EricMarcil commented 5 years ago

@gavanderhoorn: Yes, we probably should so people are aware of it. At this time, we don't have the tool (Motoplus API) to fix it. We made a request to Japan to get feedback about the FSU but it is a complexe problem to address since the FSU is an independant safety module. For now, the people need to make sure that they command the robot a speed below the FSU settings.

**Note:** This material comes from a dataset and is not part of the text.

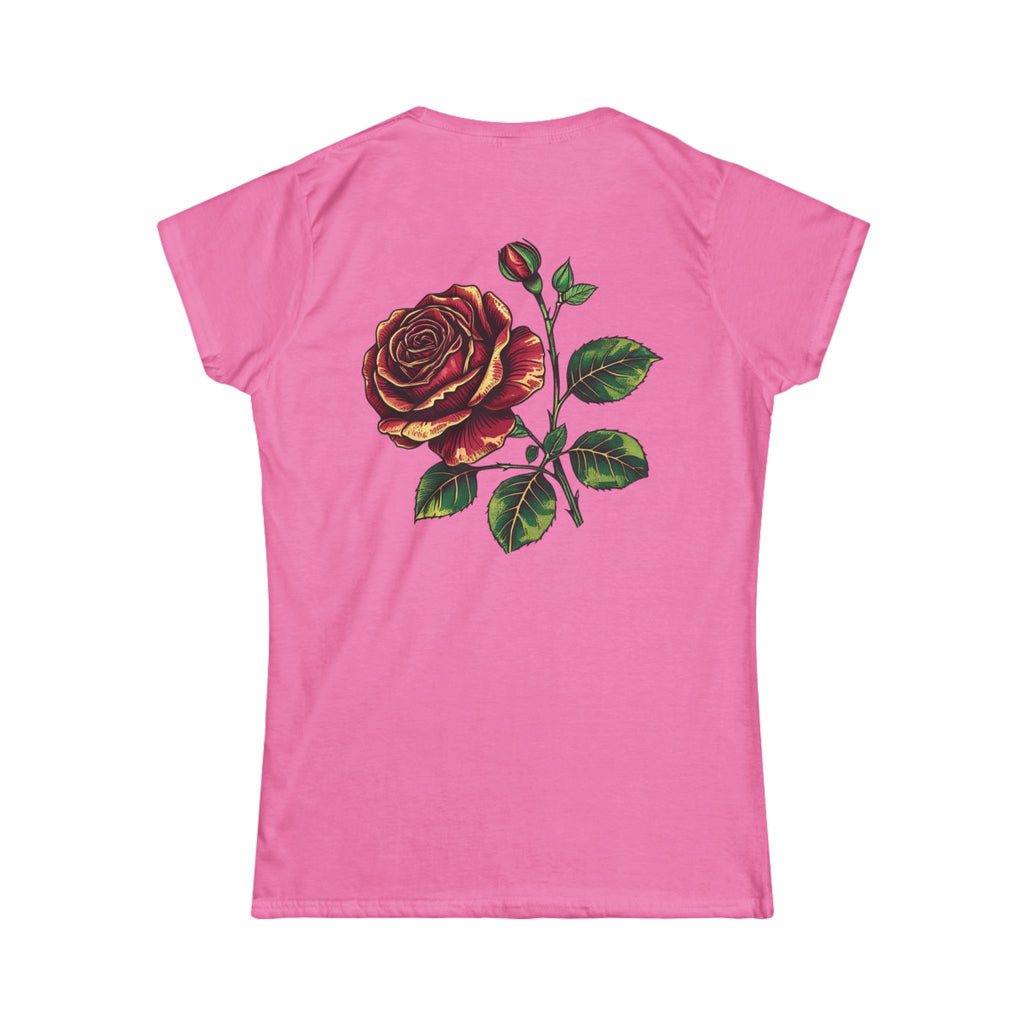 Women's Floral Graphic Tee, Rose Design Shirt, Casual Wear, Gift for Her, Spring Fashion, Nature Lover's Tee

gavanderhoorn commented 5 years ago

See #247.

ghost commented 5 years ago

To 1: wireshark_capture_motoman_problem.pcapng.gz hopefully recorded correctly (my first use of wireshark) To 2: mh24_moveit_config.zip To 3: I use the action server via _movegroup with the FollowJointTrajectory controller (located in _mh24_moveitconfig/config/controllers.yaml) To 4: ROS version: kinetic over apt; controller version: 2.03(displayed while booting, I hope this is the version you want to know); MotoRos version: 1.8.1, as installed in the tutorial; Linux distribution: Ubunutu 16.04 (Gnome Desktop) To 5: topic_list.txt after starting the _robot_interfacestreaming

Regarding the FSU: I don't know if have a FSU, how can i check that? I couldn't find something in the SAFETY FUNC. menu on the control panel

EricMarcil commented 5 years ago

If you don't have a SAFETY FUNC. menu on the programming pendant then you don't have the FSU on your controller. So it eliminates that possibility.

ghost commented 5 years ago

I have a SAFETY FUNC. menu, but no submenu named FSU or something like that.

gavanderhoorn commented 5 years ago

I've taken a look at the wireshark capture and noticed that MotoROS does send a INVALID result code with a Data Start Pos (3011) sub code upon receiving the first trajectory point for the third motion (around pkt nr 4928 in the capture).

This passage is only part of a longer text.